Canadian firefighters received rockstar treatment at Intersec 2010.
Photo by Peter Sells


The Canadians did not disappoint, posting the top 15 individual times. The top three were Joe Triff of Halifax Regional Fire at 1:28.26, Bob Murray of Edmonton Fire & Rescue at 1:32.30 (the fastest over-40 time) and Darren Hillman of Windsor Fire & Rescue at 1:33.22 (also over 40), nipping Drover by 0.03 seconds. The fastest over-45 time was put in by Delta Fire’s Mark Millward at 1:55.80, with Halifax’s Cyril Fraser at 1:52.55, claiming the over-50 top result.

Hassan retained his crown as the fastest Emirati at 2:09.04, which was a six-second improvement from Gaspé, when the scaffold is factored in. However, Alexander Ruppert (one of the German imports from Quick Intervention Abu Dhabi) at 2:06.96 was the fastest UAE firefighter.

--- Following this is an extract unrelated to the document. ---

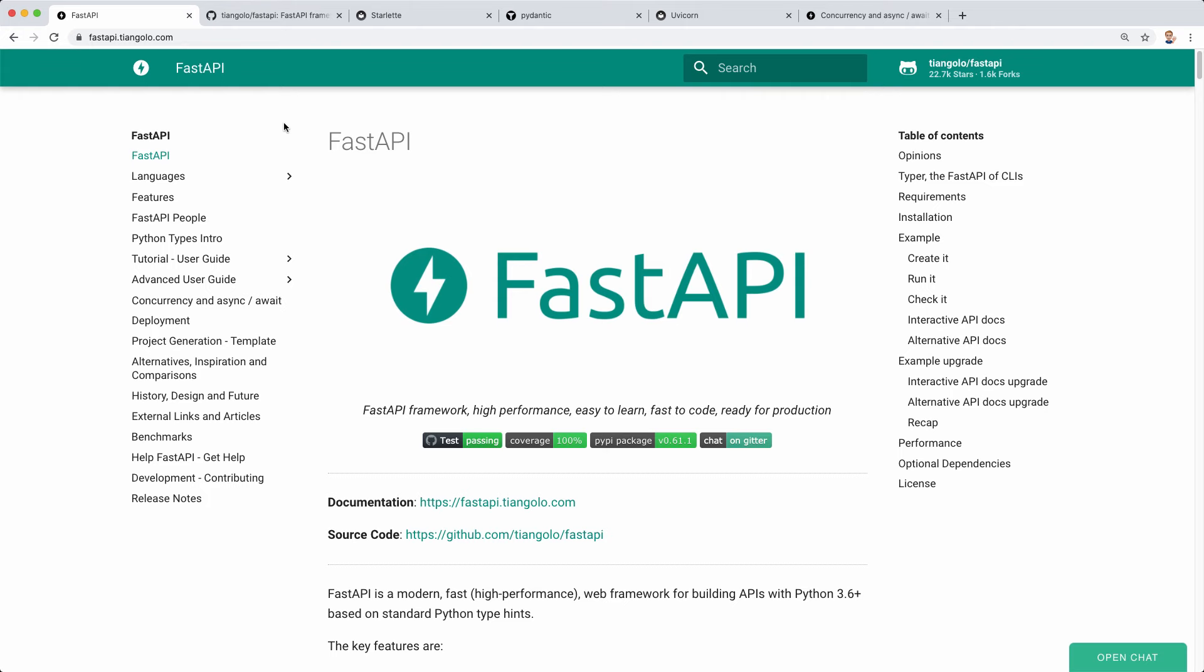Hey guys, and welcome to a new tutorial. Today I want to give you a quick intro to FastAPI.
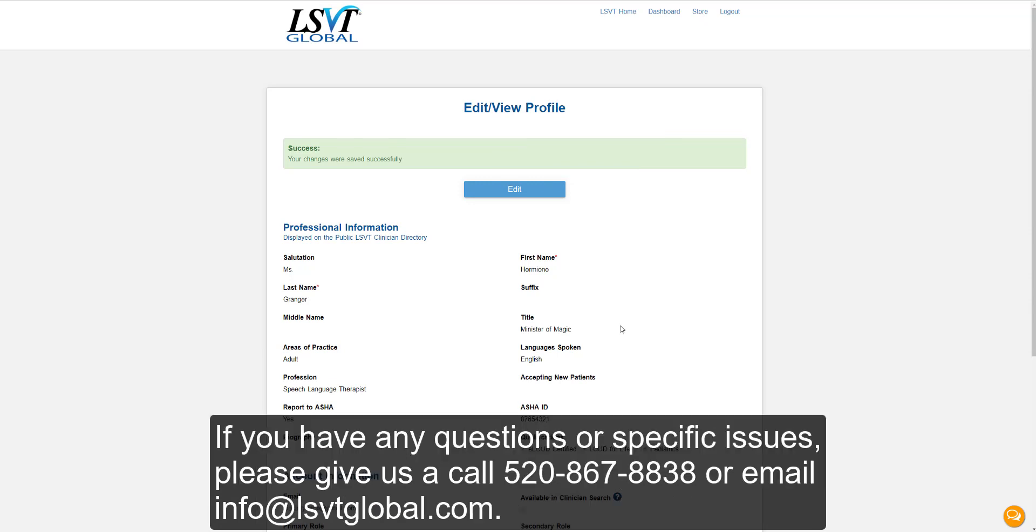If you have any questions or specific issues, please give us a call at 520-867-8838 or email info@LSVTGlobal.com.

Ahmed, the Fujairah Flash, followed them closely with a very good rookie run at 2:10.87.

It had been decided in advance that the Canadian competitors’ times would not be included in team results, since there were not a minimum of three from any one fire service. Also, it was important that the UAE firefighters were able to achieve some concrete success and establish some benchmark times for future competitions.

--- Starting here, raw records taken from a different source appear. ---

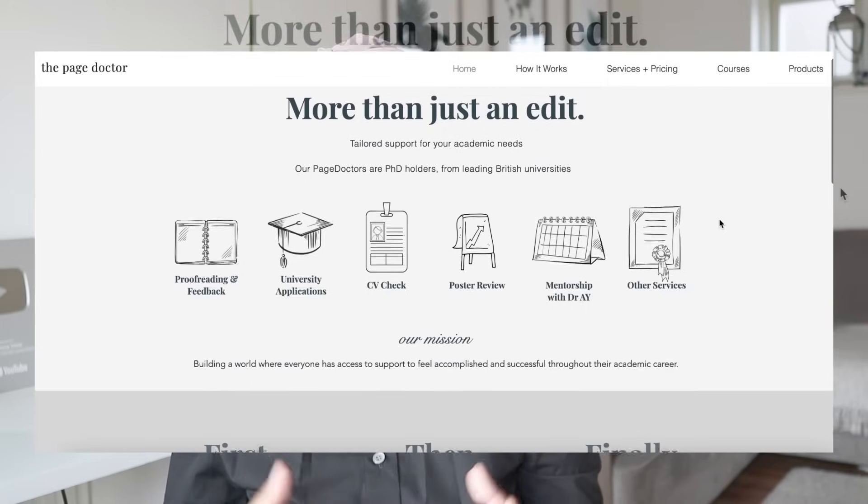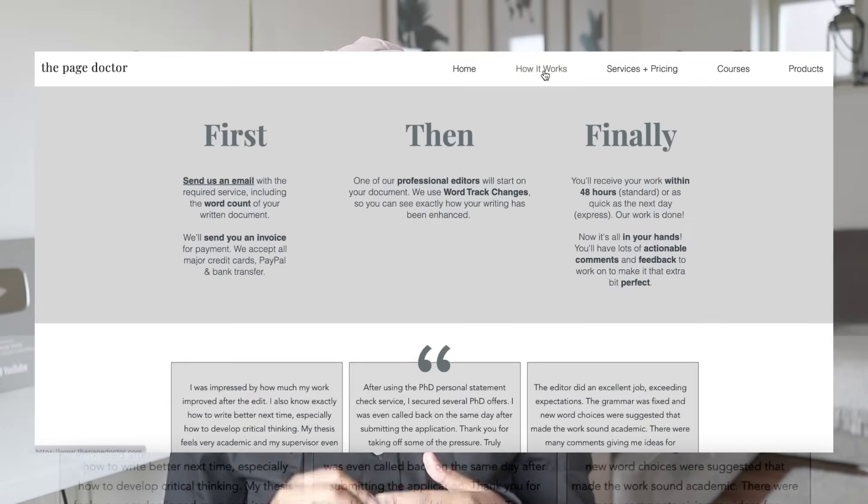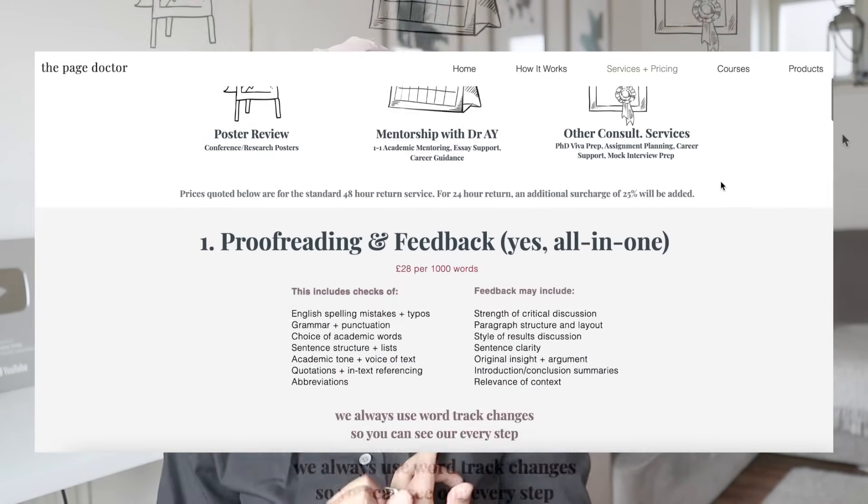It defines a question and describes the approach that you are going to take to answer that question. It also places your work within the realm of the research that's currently out there. I have edited hundreds of research proposals via thepagedoctor.com, which is my academic consultancy, and I've marked proposals that have passed and gone through to top universities all around the world. I can clearly tell you what needs to be included, what should definitely not be included, and what the structure of a research proposal should be. Without a proposal there is no plan, and without a plan there is no project.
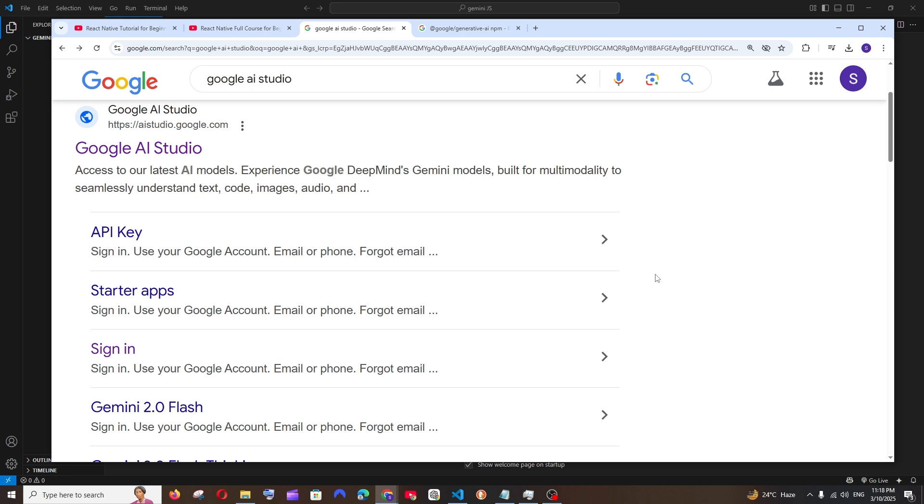Hey everyone, in this video I will be showing you how to use Gemini AI API with JavaScript and Node.js. The prerequisite is you must have Node.js installed on your system. Let's get started. First, just Google Gemini AI Studio and you'll get the official link from studio.google.com.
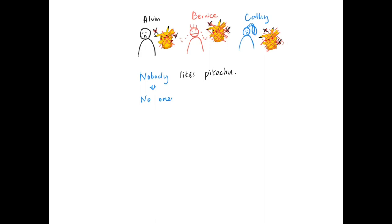Now please pay attention. In this case, if we are talking about something no or bad, we usually say nobody likes Pikachu, but we will not say everybody doesn't like Pikachu. That is not correct.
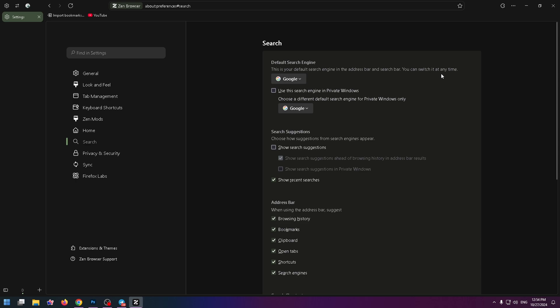You can switch it at any time. So let's do it. Click on your current search engine, Google in my case, and select the necessary one, for example DuckDuckGo or Wikipedia.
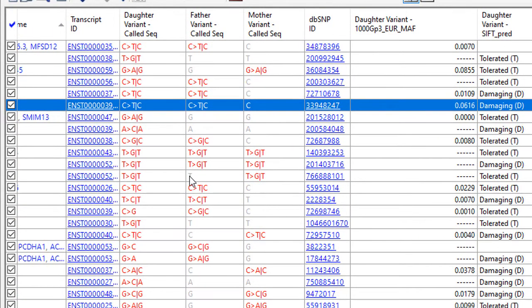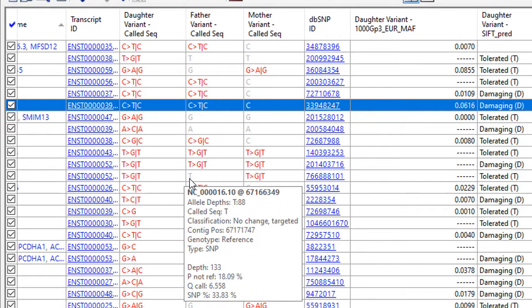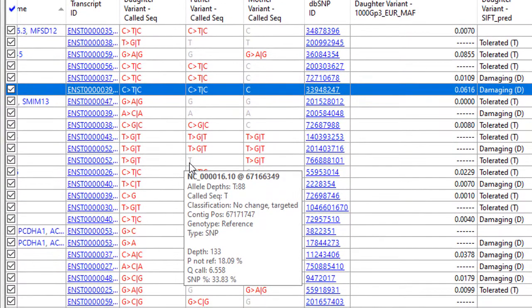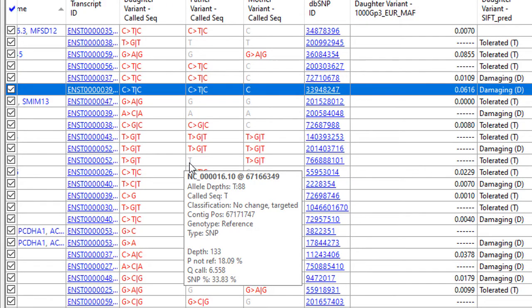Note, in the called sequence, you can hover over a base call to see information about the assembly, including depth and quality score. This helps you distinguish between missing SNPs where there was no coverage and areas where there's coverage but no SNP.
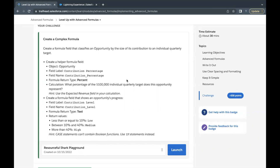Hello everyone, welcome back to another video of Trailhead Explanation. In this video, we are going to cover unit 'Level Up with Advanced Formulas' from the module Advanced Formulas.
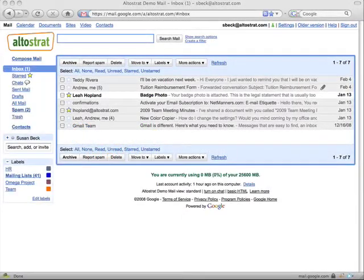Searching in Google Mail is just as powerful as Google Search. You can use search instead of clicking through folders like you might do in other mail programs.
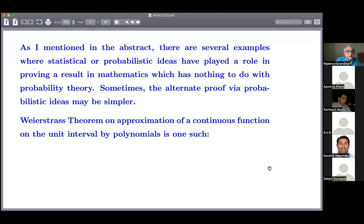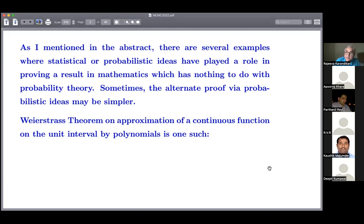Sometimes the alternate proofs may be simpler. I can't recall a result where the first proof came through probability and then only a non-probabilistic proof came, but there are several where probabilistic ideas will make it simpler. The Weierstrass theorem on approximation of continuous functions is one such. One of the books we studied as students — Rudin's real analysis book — gives a proof with no reference to probability, but there's something called the Bernstein polynomial, and one can see the proof is essentially the binomial theorem and mean and variance thereof, and Chebyshev's inequality.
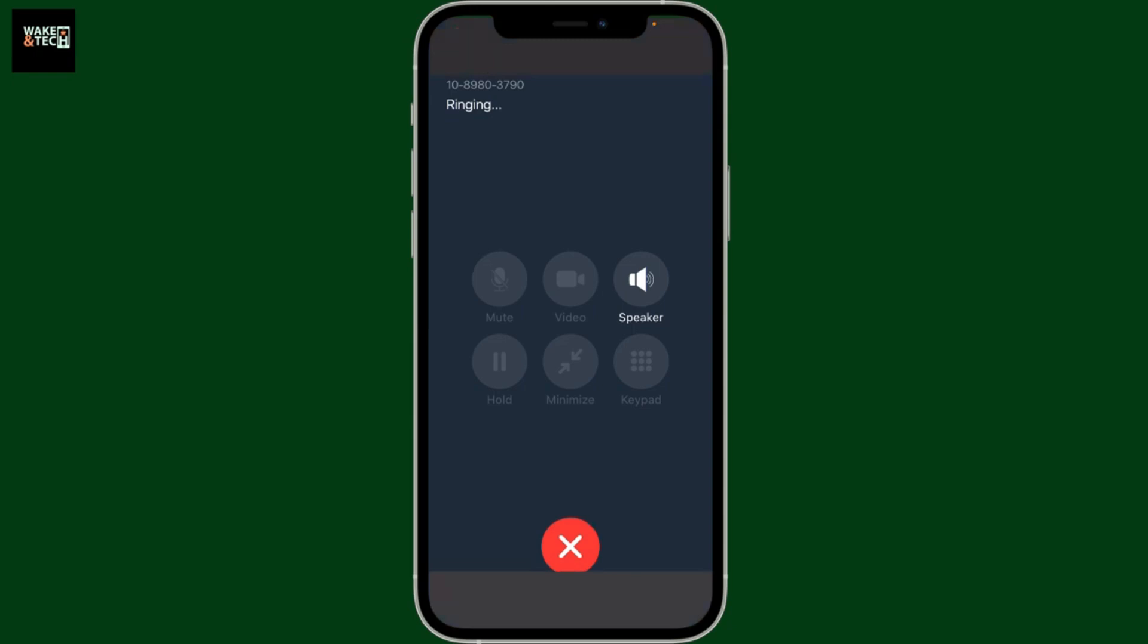When you're finished, tap on the red phone icon at the bottom of the screen to disconnect.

An Emirati competitor hammers the force machine, watched by referee/coach Randy Kalan and local sports media.
Photo by Peter Sells


I want to close with my three star selections for the Dubai FireFit Championships. La troisième étoile, the third star: Dwayne Drover, a.k.a. “Mankhool”. Our host hotel was in the Al Mankhool section of Bur Dubai, one of the older parts of the city. Drover claimed the nickname upon seeing the road sign. His star selection, however, is on the recommendation of all of the skinny stray cats of Al Mankhool who appreciated the bag of catfood that he bought and spread through the alley next to our hotel. La deuxième étoile, the second star: the indefatigable Randy Kalan, for all of his work and inspiration. Et la première étoile, the first star: Firefighter Saeed Al Mahiri of the tiny emirate of Ajman. Saeed had competed in Gaspé in the relay and had obviously worked very hard in the intervening months to prepare for individual competition. Despite this effort, he was unable to complete his race after dropping the Rescue Randy several times and having nothing left with which to continue. Al Mahiri earns the star for insisting on a chance to try again the next day before the team competition, alone against the clock in an unofficial race. He completed the course and won my respect for embodying the spirit of FireFit. His accomplishment will not show in the scoring tables, but it is the best example of what we were hoping to achieve.

Retired District Chief Peter Sells writes, speaks and consults on fire service management and professional development across North America and internationally. He holds a B.Sc. from the University of Toronto and an MBA from the University of Windsor.